About this task:
Having located "Appartment in Colera", write out its line and the remaining lines of the material exactly, the last one included, but not the pictures.

Material for the task:
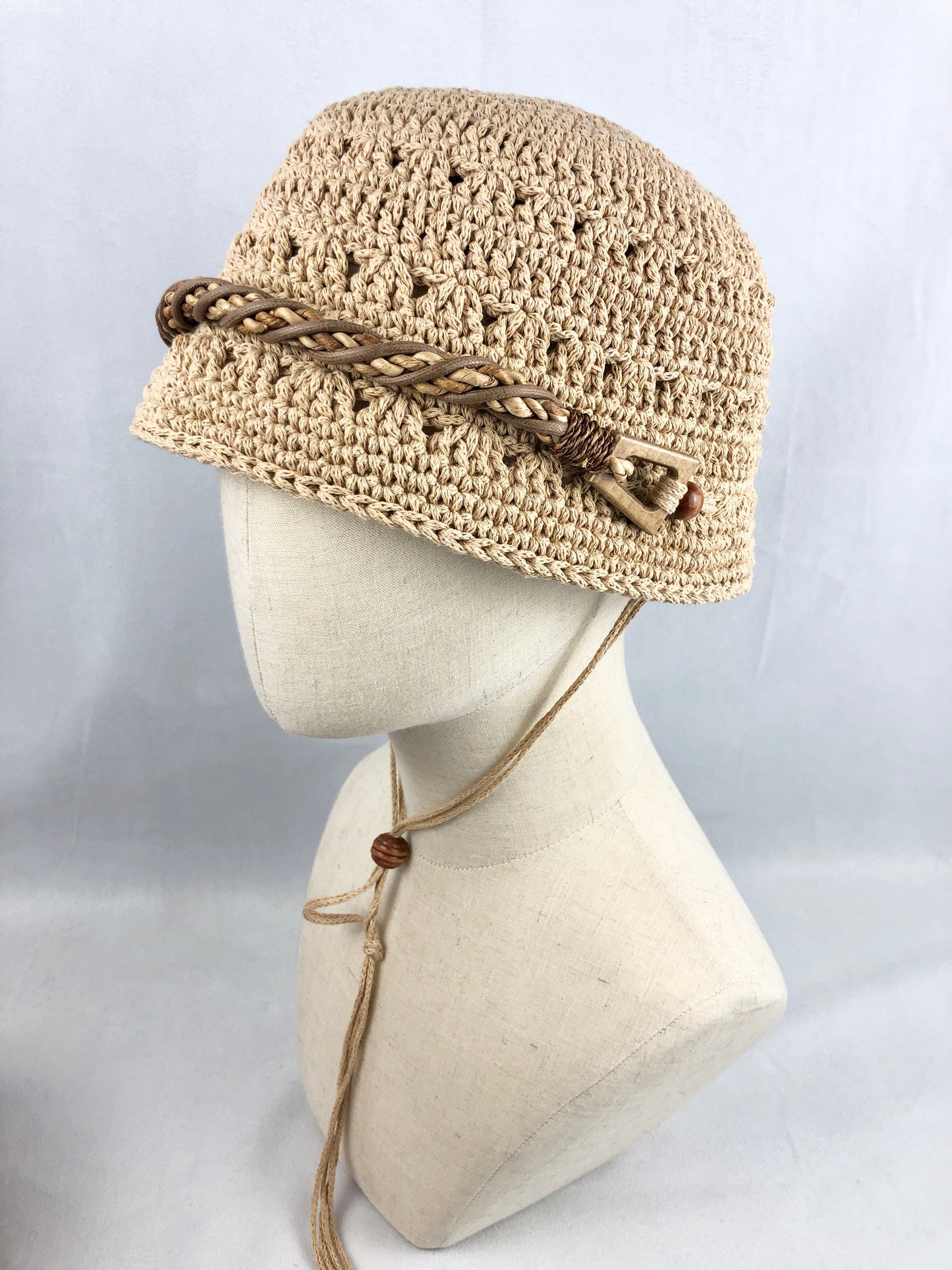 Beige summer bucket hat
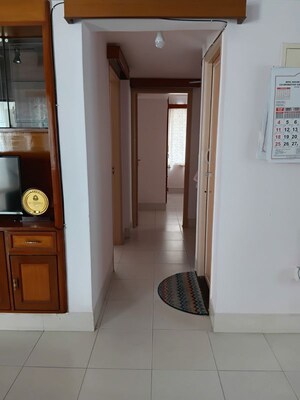 Building Lobby in 2 BHK Apartment at WhiteHouse Apartment, Rt Nagar – for Rent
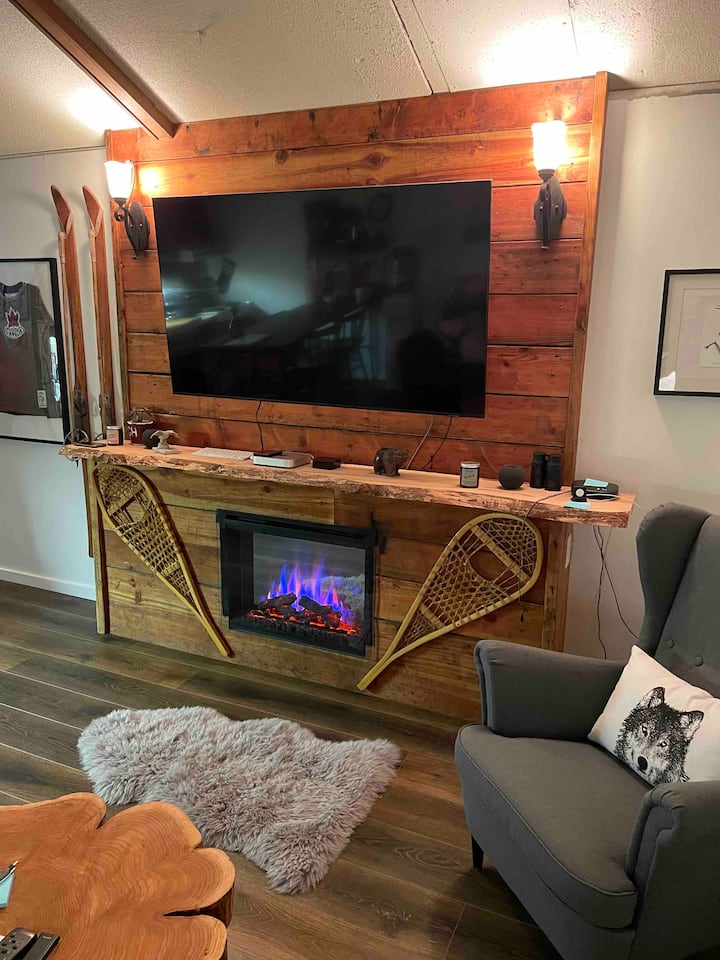 Cozy, studio with a beautiful view Vacation homes for Rent in Agassiz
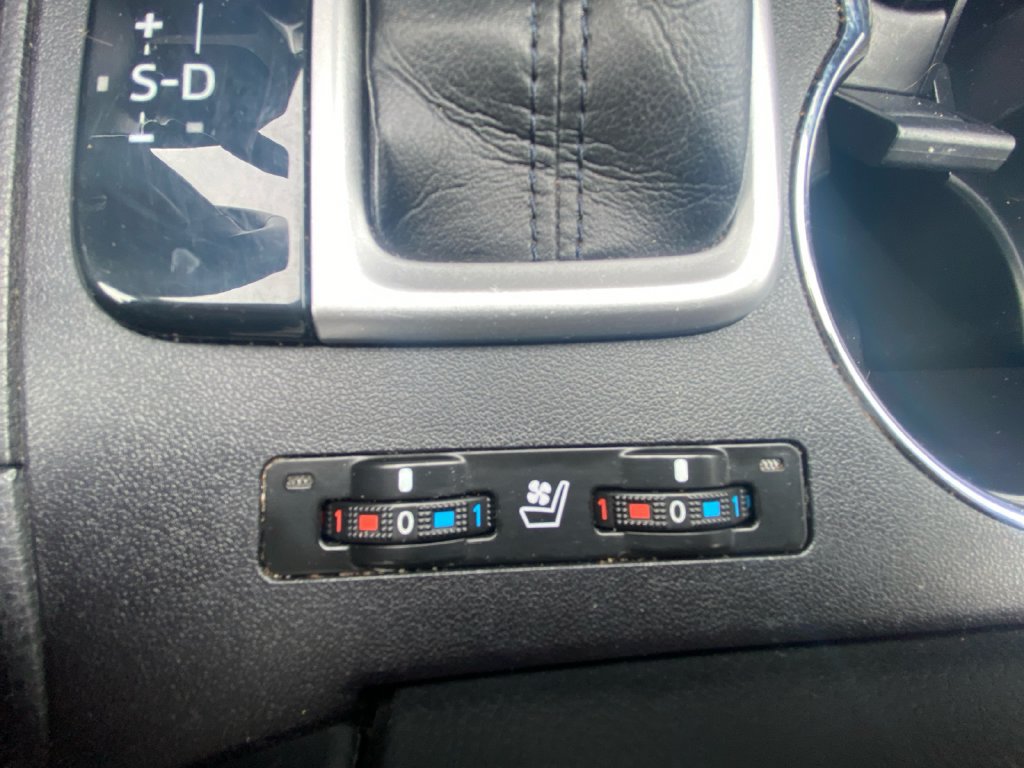 Used 2018 Toyota Highlander Limited AWD/4WD image 24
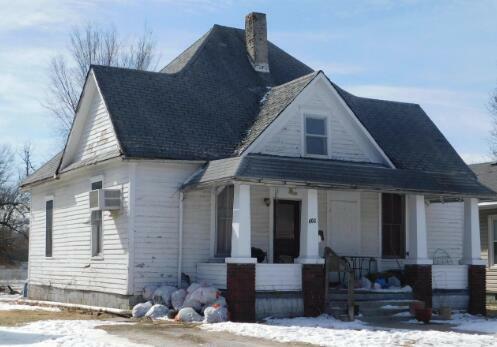 Property Photo:  406 Franklin Ave  MO 65270 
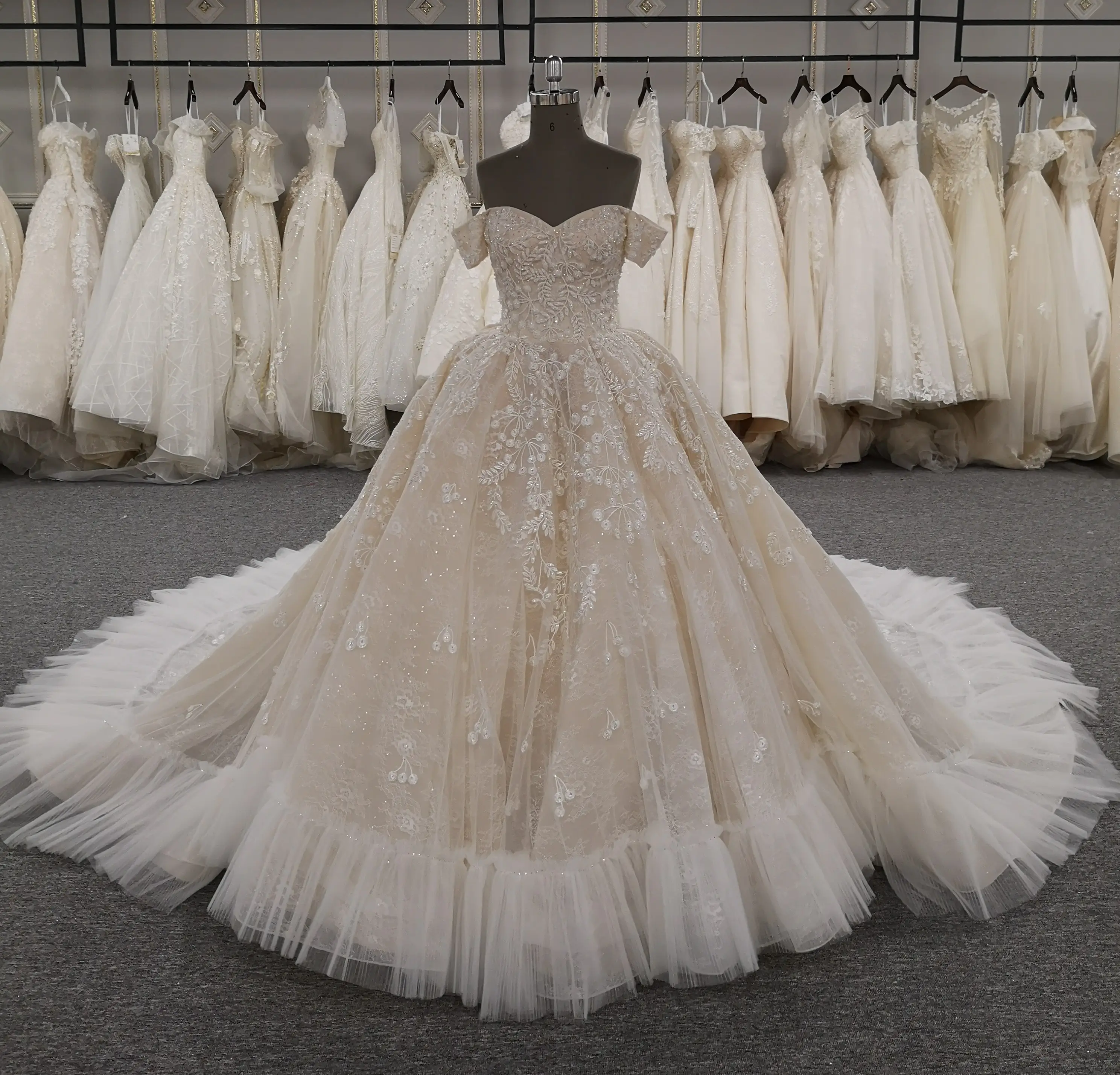 Robe de bal de mariée à épaules dénudées, tenue de bal élégante, meilleures ventes, 2022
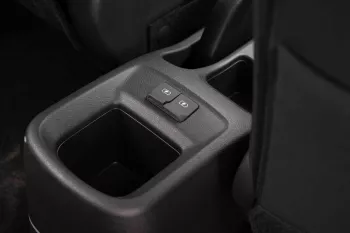 2024 Nissan Kicks 1.6 SV - Black inside Black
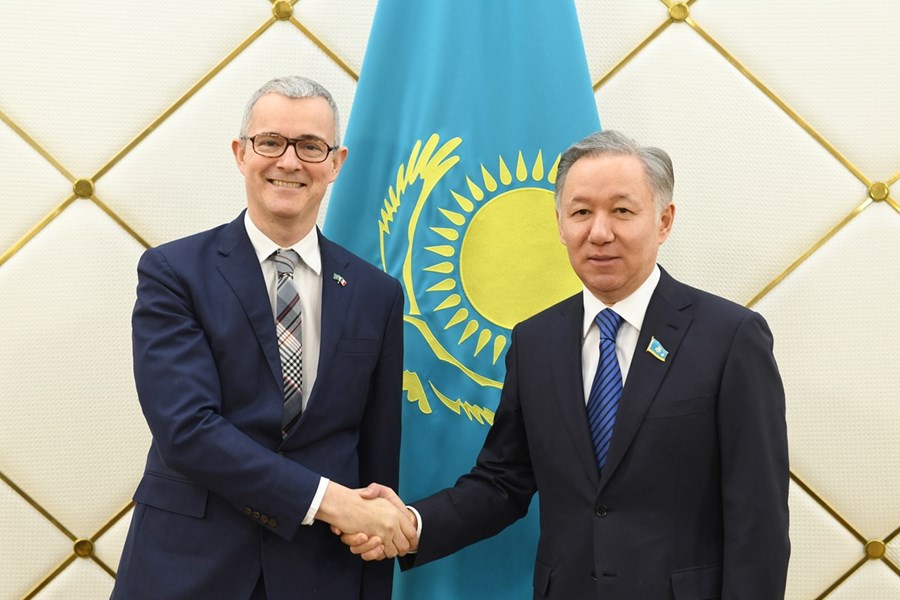 20.02.2018 N.Nigmatulin received the Ambassador Extraordinary and Plenipotentiary of the French Republic to Kazakhstan Philippe Martine 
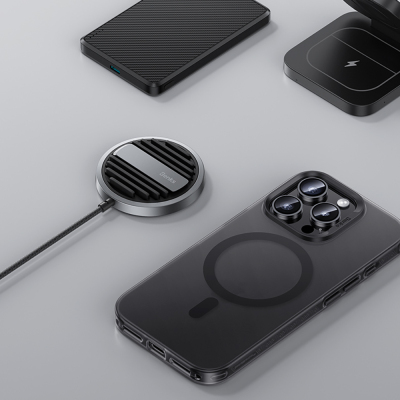 Apple iPhone 17 Pro Kılıf M-safe Şarj Özellikli Benks Lucid Armor Kapak - 11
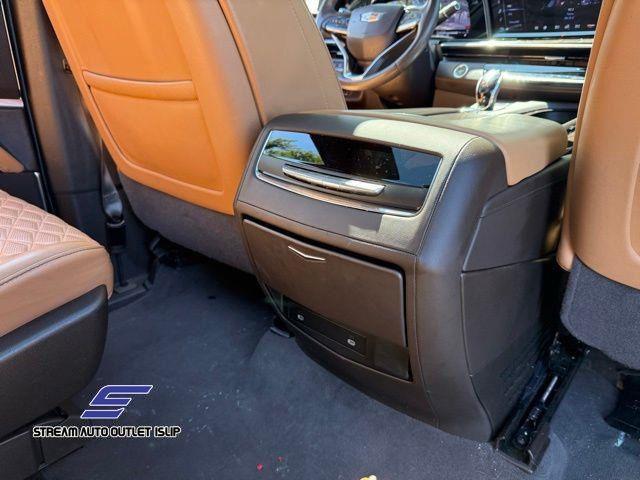 Photo of 2023 Crystal White Tricoat Cadillac Escalade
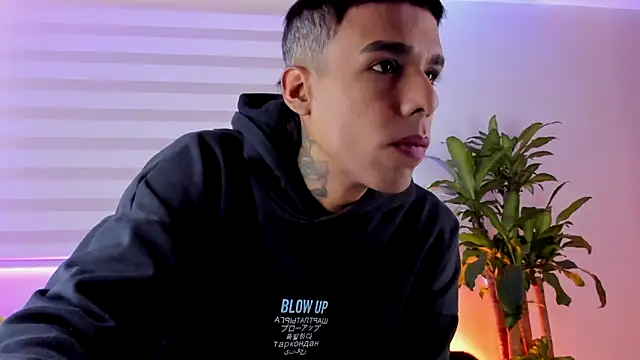 aldrinwhite online show from October 8, 6:19 pm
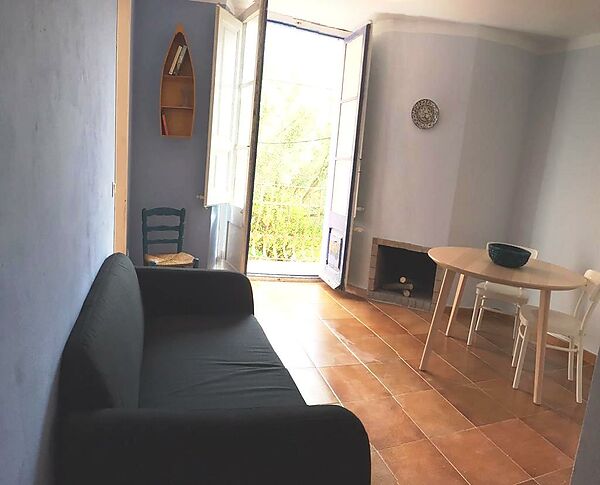 Appartment in Colera in the centre of the village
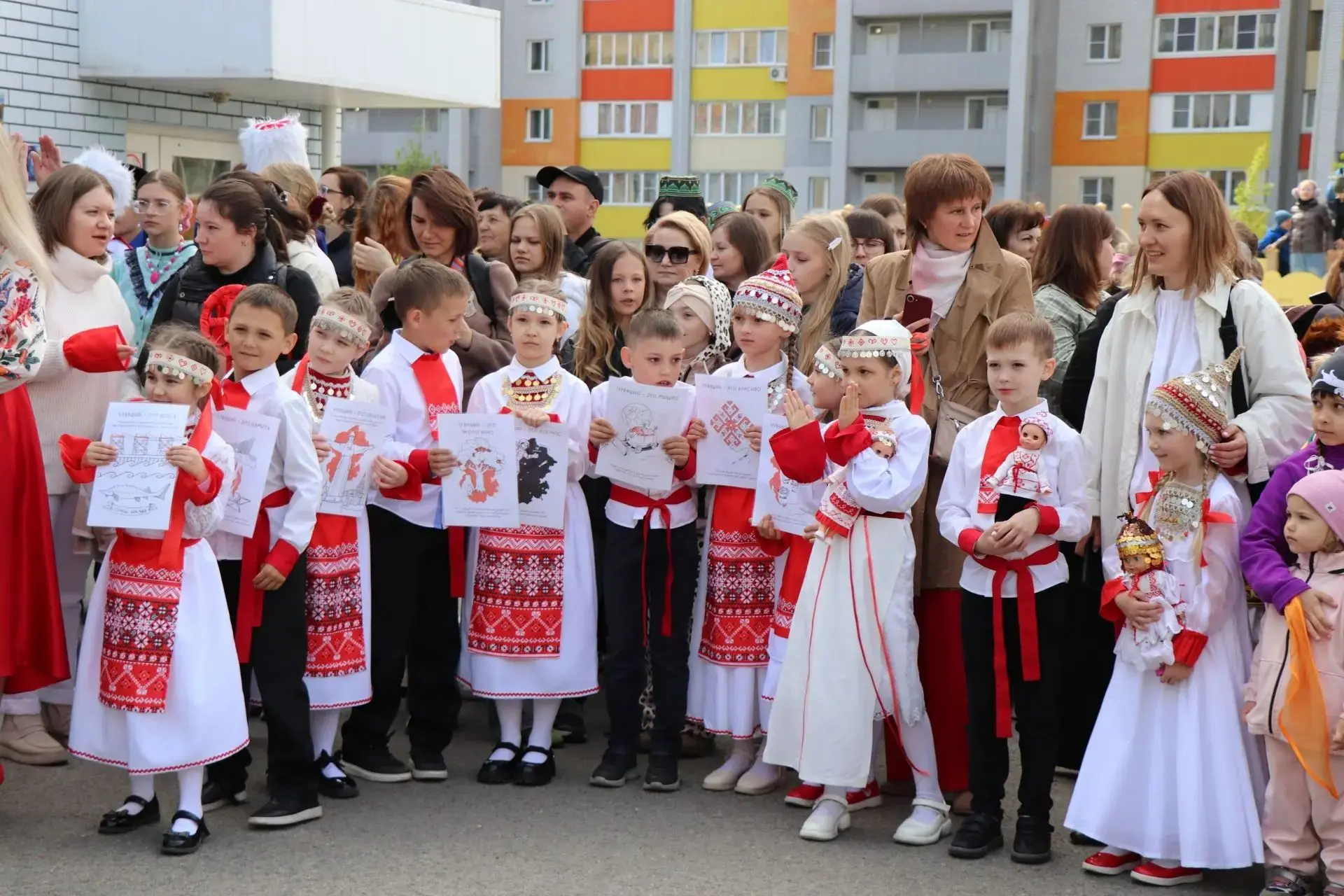 ✨  Барнаульские школы сохраняют национальное единство  В барнаульской школе № 136 с широким размахом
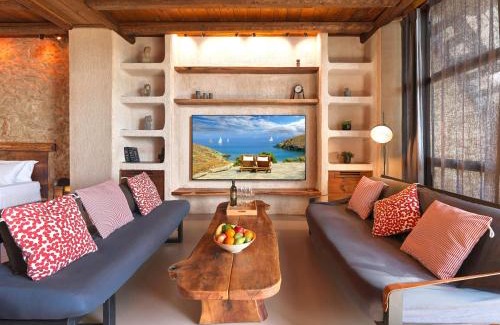 Piraeus Casa | Sea View Garden Suites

Written reply:
 Appartment in Colera in the centre of the village
 ✨  Барнаульские школы сохраняют национальное единство  В барнаульской школе № 136 с широким размахом
 Piraeus Casa | Sea View Garden Suites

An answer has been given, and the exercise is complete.